Move to Bypass Committee, Vote on Murder Law Seen as Blow to Brown

Share
Times Staff Writer

In yet another assault on Willie Brown’s embattled speakership, Republicans and a group of rebellious conservative Democrats teamed up Friday to revive legislation that would toughen the penalty for juveniles 16 and over convicted of first-degree murder.

Republicans and the dissident “Gang of Five” Democrats were able to bypass the Assembly’s committee system by amending into an unrelated measure on the Assembly floor a piece of anti-crime legislation that they argue has been bottled up in committees dominated by Brown-appointed liberals.

It is a tactic that in the last two months has led to the Assembly approving legislation extending the death penalty to murderers of children under age 14--the first time a death penalty bill had cleared the house in more than a decade--and giving police the authority to use wiretaps in major drug investigations. Gov. George Deukmejian last week signed the wiretap measure into law.

Advertisement

Just last Monday, the Assembly, at the urging of one of the five Democrats, who have been challenging Brown’s authority, amended another bill on the Assembly floor with a provision extending the death penalty to murderers of witnesses in juvenile cases.

Friday’s action had clear election-year overtones. Assemblyman Gerald N. Felando (R-San Pedro), who is locked in a fierce primary battle, carried the latest amendments, which were added to an unrelated bill, by Assemblyman Tim Leslie (R-Carmichael), dealing with penalties for burglaries.

Felando’s principal primary opponent, Deane Dana III, has based part of his campaign on a promise that he will work to oust Brown, while at the same time criticizing Felando as being part of a Republican establishment that, for its own political purposes, has helped keep the Speaker in power.

The Felando amendment--which could help Felando distance himself from Brown in the final days of the campaign--would give Juvenile Court judges the authority to sentence youths between the ages of 16 and 18, who are convicted of first-degree murder with special circumstances, to life in state prison without the possibility of parole or to a term of 25 years to life.

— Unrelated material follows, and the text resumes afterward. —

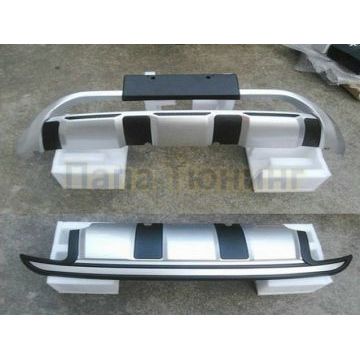 Комплект накладок переднего и заднего бамперов OEM Tuning для Volvo XC60 2014-2017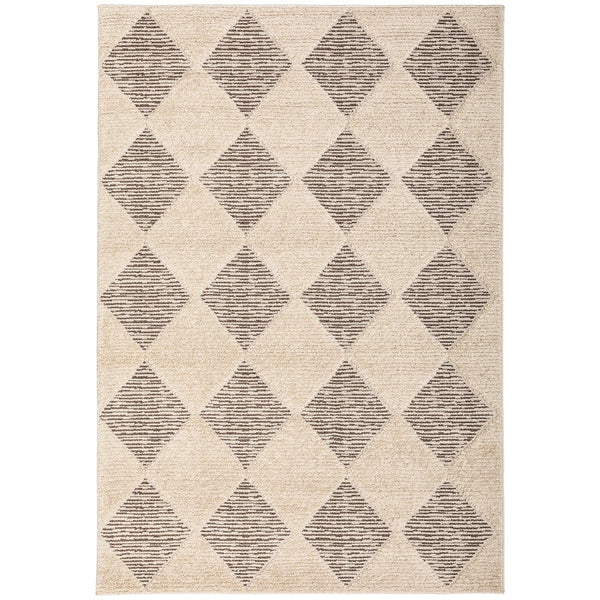 Porto 3429 Beige Patterned Modern Rug - Rugs Of Beauty - 1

Despite protests from some Democrats that the amendment had not been given a hearing in the Assembly Public Safety Committee, the measure passed easily on a 48-6 bipartisan vote, with Brown among those voting no. A vote on the amended bill itself could occur as early as next week.

Felando told his colleagues that “in the eyes of family survivors,” there is no difference between juveniles or adults who are “cold-blooded killers.”

Advertisement

Assemblyman Charles Calderon (D-Alhambra), one of the Gang of Five, made a plea for the amendment. In an interview after the vote, he said the action was “another example of the Gang of Five-Republican effort.” The amendment, he said, was made on the Assembly floor because it was clear it would have a difficult time surviving in the liberal-dominated Public Safety Committee.

Assemblyman Terry Friedman (D-Tarzana), a member of that committee, said the way the bill was amended on the floor was an affront to the Assembly’s established committee system.